## Implementation of SAD Algorithm with Folded Tree Architecture using VHDL

Resma S<sup>#1</sup>, Ragimol<sup>#2</sup>

<sup>#1</sup>PG student, Department of Electronics and Communication Engineering, Sree Buddha College of Engineering, Kerala University, India

<sup>#2</sup>Assitant Professor, Department of Electronics and Communication Engineering, Sree Buddha College of Engineering, Kerala University, India

Abstract — The trend of smaller, portable and more capable electronic devices give rise to a number of design and implementation problem, mainly due to the energy consumption. The highest energy consumption in radio communication, so in order to reduce the energy and power, Folded tree architecture is beneficial. The existing architecture known as Binary tree architecture, is a tree data structure in which each node has at most two children, but this architecture requires large number of processing elements. Thus the Folded tree architecture is used, which has two phases, trunk and twig, this help in reducing the number of processing elements. Wireless Sensor Network (WSN) has wide range of application in medical monitoring, environmental sensing, industrial inspection and military surveillance. The data-driven nature of Wireless Sensor Nodes applications requires a specific data processing approach. Motion estimation is the most critical component of video coding system. Sum of Absolute Difference (SAD) algorithm is the most common matching criteria choosen for motion estimation because of its low complexity and good performance and it is a tree structure. Due to the structural similarity of Sum of Absolute Difference (SAD) algorithm, motion estimation can implement using binary tree and folded tree architectures. The area, power and delay are reduced in the proposed architecture. This paper describes the design and implementation of the newly proposed folded-tree architecture with Sum of Absolute Difference (SAD) algorithm for motion estimation.

**Keywords** — Wireless Sensor Network (WSN), parallel prefix operation, binary tree, folded tree, Sum of Absolute Difference (SAD) algorithm, motion estimation.

#### I. INTRODUCTION

The development of Wireless Sensor Networks was motivated by military applications such as battlefield surveillance, such networks are used in many industrial and consumer applications, such as industrial process monitoring and control, machine health monitoring, and so on. Wireless Sensor Network node has three parts. They are sensors, radio, and micro controller. These three parts are combined with a limited power supply. Since radio transmissions are very expensive in terms of energy. The ratio of communication to computation energy cost can range from 100 to 3000 [1]. So data communication must be traded for on-the-node processing which in turn can convert the many sensor readings into a few useful data values. The data-driven nature of WSN applications needs a specific data processing approach.

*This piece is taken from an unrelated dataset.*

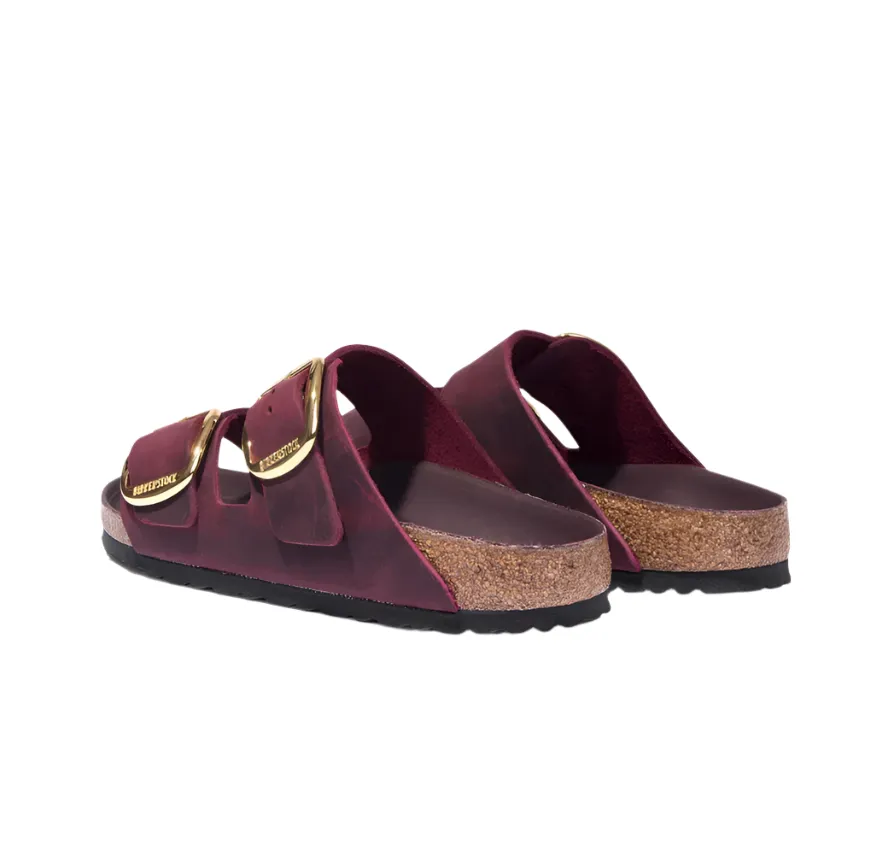 Birkenstock Womens Sandal Arizona Big Buckle Zinfandel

The Wireless Sensor Network consist of different types of architectures. In this paper Binary

tree architecture [2] and Folded tree architecture [3] are designed and implemented. Highest energy consumption in radio communication. So in order to reduce the energy and power, Folded tree architecture is better. The existing architecture known as Binary tree architecture, is a tree data structure in which consist of nodes, but this architecture needes large number of Processing Elements (PEs). Thus the Folded tree architecture is used, help in reducing the number of processing elements by reusing the Processing Elements (PEs). The Folded tree architecture is a low power Digital Signal Processor (DSP)architecture, which reduce the area, power and delay than Binary tree architecture. Hence using Folded tree architecture with Sum of Absolute Difference (SAD) algorithm [4] for implementing motion estimation.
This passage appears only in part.